YOUR TASK » This exercise calls for the line with "Contemporary Floor Mounted", the line with "Plastic kitchen supplies", and all lines between them in the material below, output exactly and with no other lines.

DATA TO PROCESS »
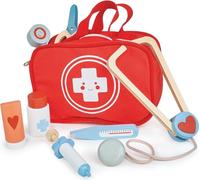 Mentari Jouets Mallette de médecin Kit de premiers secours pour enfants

...

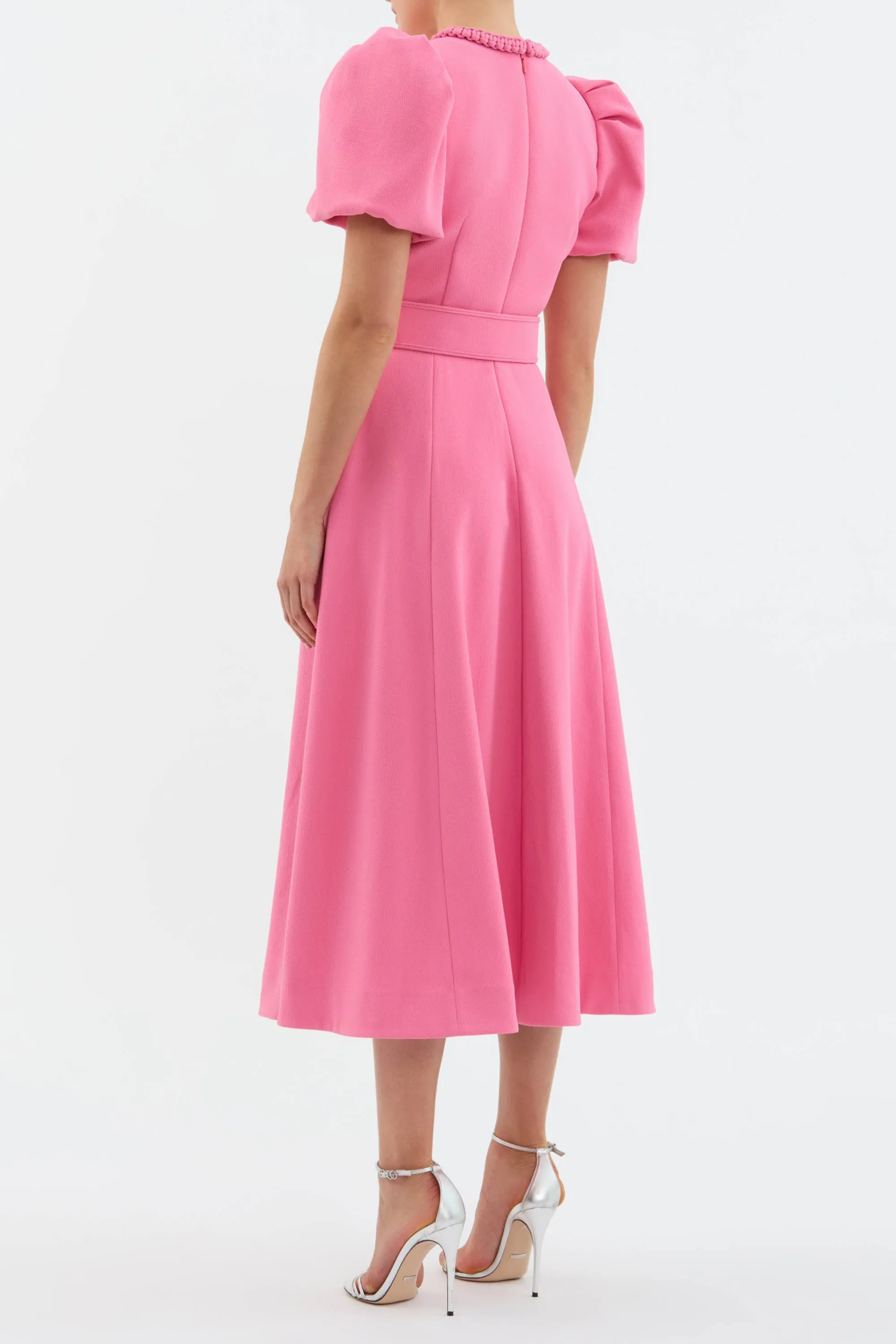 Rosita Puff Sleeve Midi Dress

==

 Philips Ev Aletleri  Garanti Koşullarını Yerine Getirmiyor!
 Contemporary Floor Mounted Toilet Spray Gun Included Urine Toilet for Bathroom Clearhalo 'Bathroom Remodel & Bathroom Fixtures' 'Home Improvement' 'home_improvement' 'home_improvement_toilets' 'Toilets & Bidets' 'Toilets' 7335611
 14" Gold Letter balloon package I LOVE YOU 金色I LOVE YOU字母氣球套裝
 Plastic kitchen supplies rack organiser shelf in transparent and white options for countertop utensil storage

RESPONSE BOX »
 Contemporary Floor Mounted Toilet Spray Gun Included Urine Toilet for Bathroom Clearhalo 'Bathroom Remodel & Bathroom Fixtures' 'Home Improvement' 'home_improvement' 'home_improvement_toilets' 'Toilets & Bidets' 'Toilets' 7335611
 14" Gold Letter balloon package I LOVE YOU 金色I LOVE YOU字母氣球套裝
 Plastic kitchen supplies rack organiser shelf in transparent and white options for countertop utensil storage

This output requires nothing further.